■ **Exercise description**: The entries are to be reproduced verbatim, and their pictures left out.

Collected data:
= = = = = = =

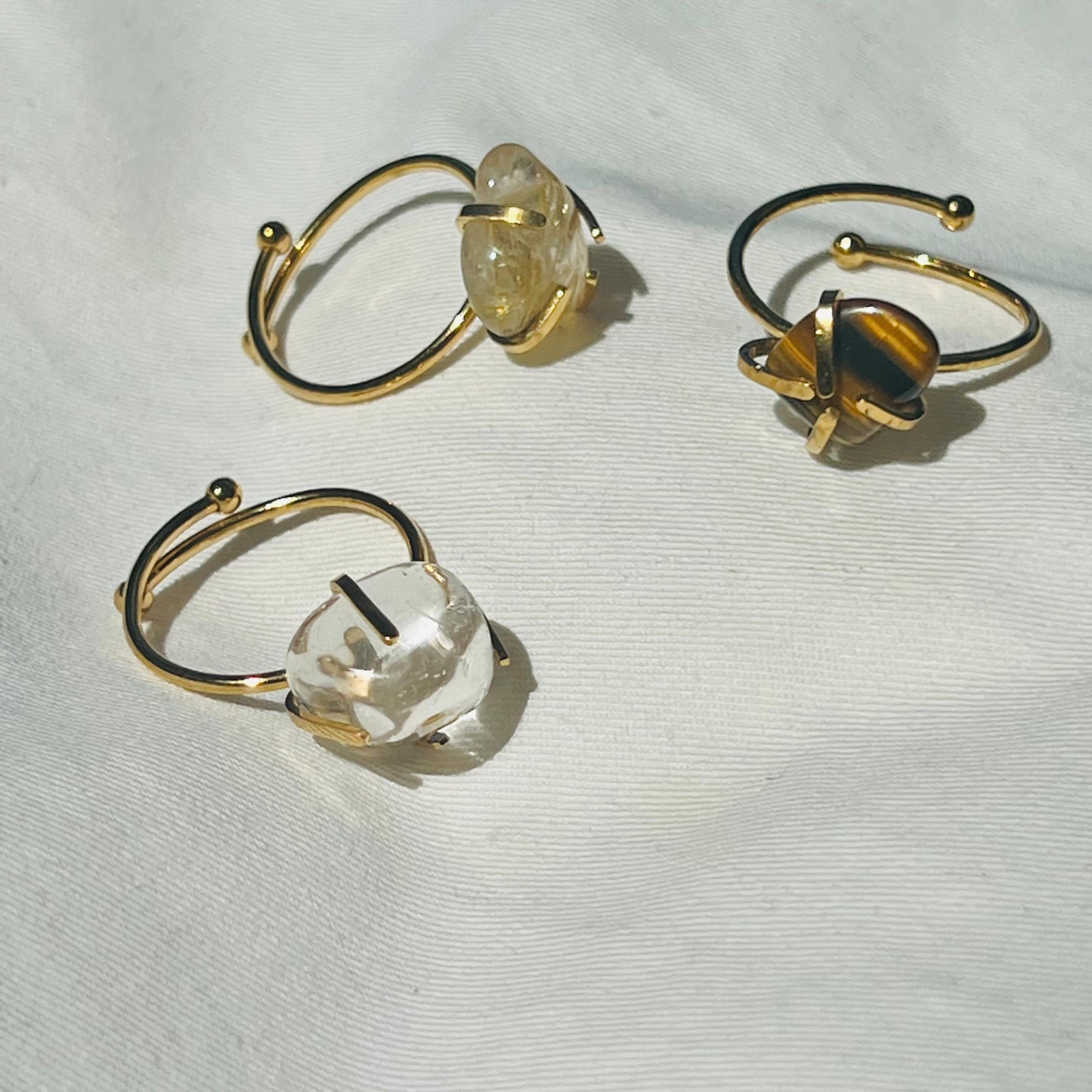 Clear Quartz, Gold Rutilated Quartz & Golden Tigereye Rings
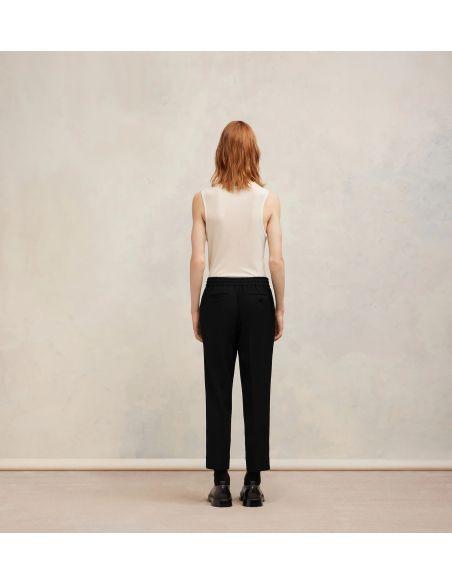 BLACK ELASTIC WAIST PANTS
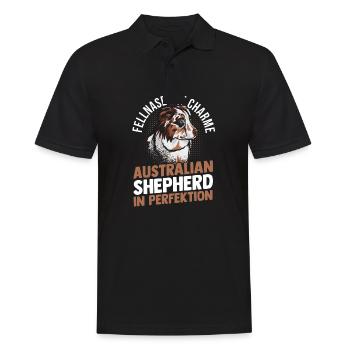 Australian Shepherd Hund Aussie - Männer Poloshirt - Schwarz - Vorne - Kai (181cm)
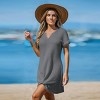 Women's Ivory/Khaki/Green/Blue Notched Neck Short Sleeve Cover-Up Dress - Cupshe - 2 of 4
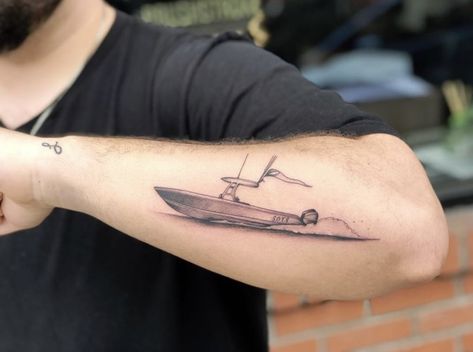 Memorial fishing boat tattoo Bass Boat Tattoo, Boat Tattoo Design, Boat Arm Tattoo, Boat Tattoo Men, Fishing Boat Tattoo For Women, Small Fishing Tattoos For Men, Boating Tattoo Ideas, Speed Boat Tattoo, Man Fishing Tattoo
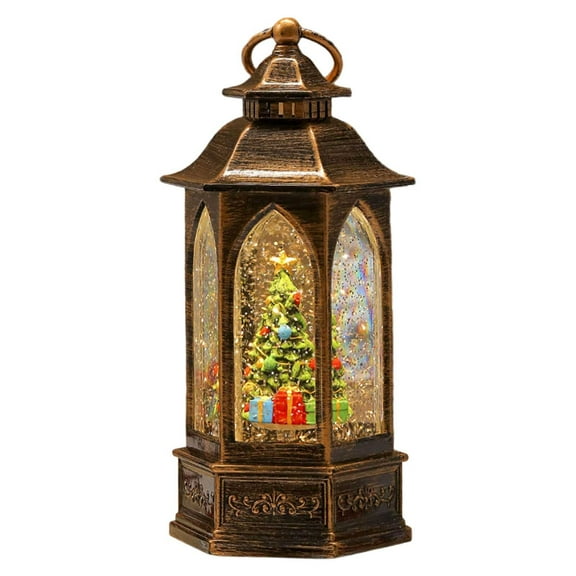 Snow Globe Music 150Ml Lighted Rotating Snow Falling Hexagon Water Kids' & Handheld Music Boxes Home Decor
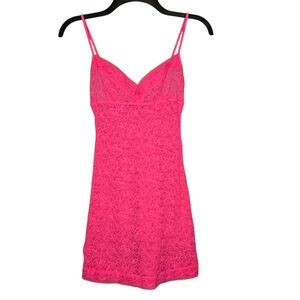 Victoria's Secret Y2k Hot Pink Lace Chemise Slip Dress Medium Barbiecore Dollett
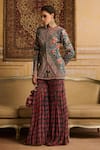 Buy_DiyaRajvvir_Green Raw Silk Embroidered Mirror Round Jacket Kurta With Gharara _Online_at_Aza_Fashions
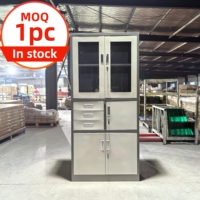 Armoire de rangement multi-usages en acier verrouillable pour bureau et maison, avec 3 tiroirs, MOQ 1 pièce, en stock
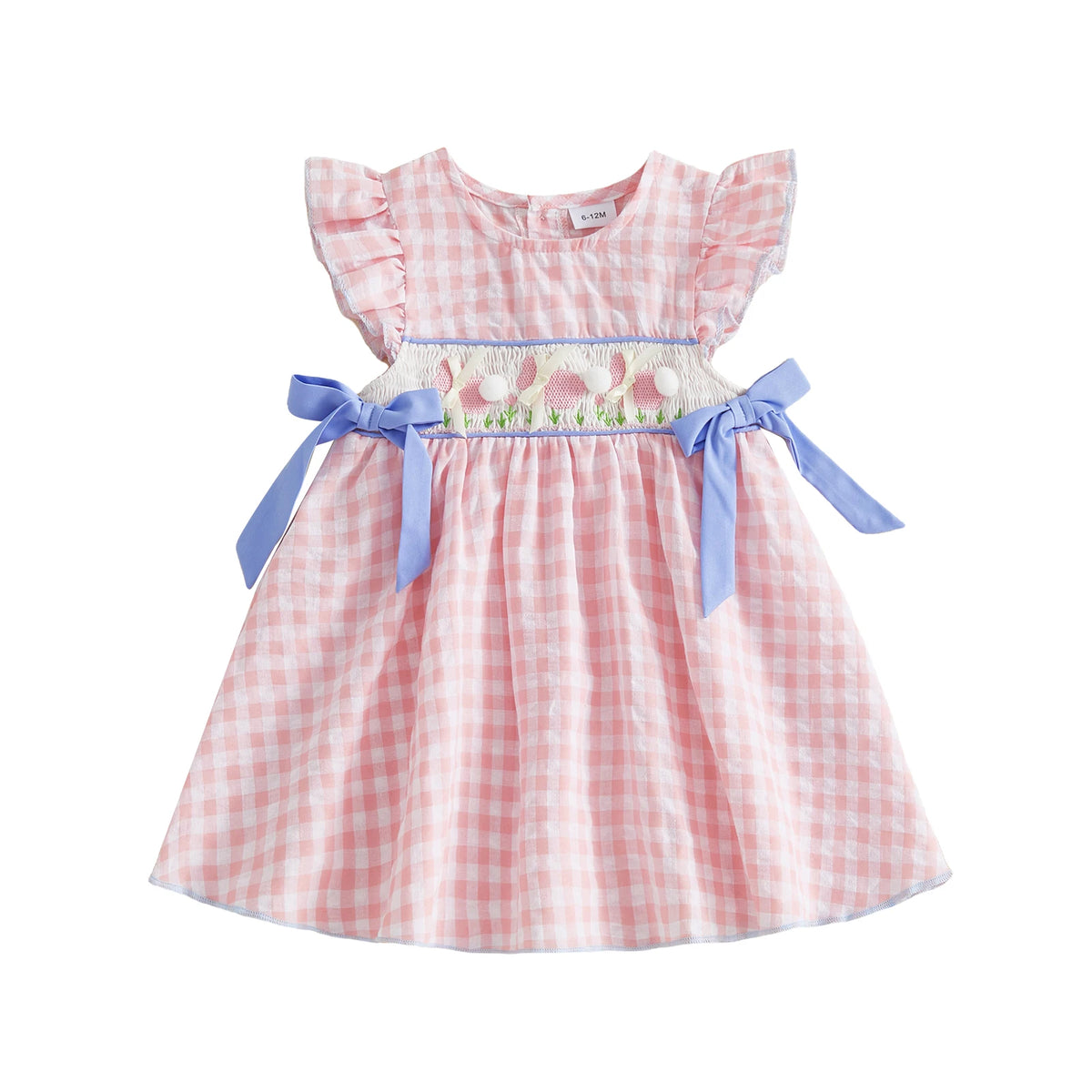 Frilly Bunnies Embroidered Dress in Palm Beach Pink with blue ribbons, gingham knee-length for ages 12m–5y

= = = = = = =

■ **Result of this task**:
 Clear Quartz, Gold Rutilated Quartz & Golden Tigereye Rings
 BLACK ELASTIC WAIST PANTS
 Australian Shepherd Hund Aussie - Männer Poloshirt - Schwarz - Vorne - Kai (181cm)
 Women's Ivory/Khaki/Green/Blue Notched Neck Short Sleeve Cover-Up Dress - Cupshe - 2 of 4
 Memorial fishing boat tattoo Bass Boat Tattoo, Boat Tattoo Design, Boat Arm Tattoo, Boat Tattoo Men, Fishing Boat Tattoo For Women, Small Fishing Tattoos For Men, Boating Tattoo Ideas, Speed Boat Tattoo, Man Fishing Tattoo
 Snow Globe Music 150Ml Lighted Rotating Snow Falling Hexagon Water Kids' & Handheld Music Boxes Home Decor
 Victoria's Secret Y2k Hot Pink Lace Chemise Slip Dress Medium Barbiecore Dollett
 Buy_DiyaRajvvir_Green Raw Silk Embroidered Mirror Round Jacket Kurta With Gharara _Online_at_Aza_Fashions
 Armoire de rangement multi-usages en acier verrouillable pour bureau et maison, avec 3 tiroirs, MOQ 1 pièce, en stock
 Frilly Bunnies Embroidered Dress in Palm Beach Pink with blue ribbons, gingham knee-length for ages 12m–5y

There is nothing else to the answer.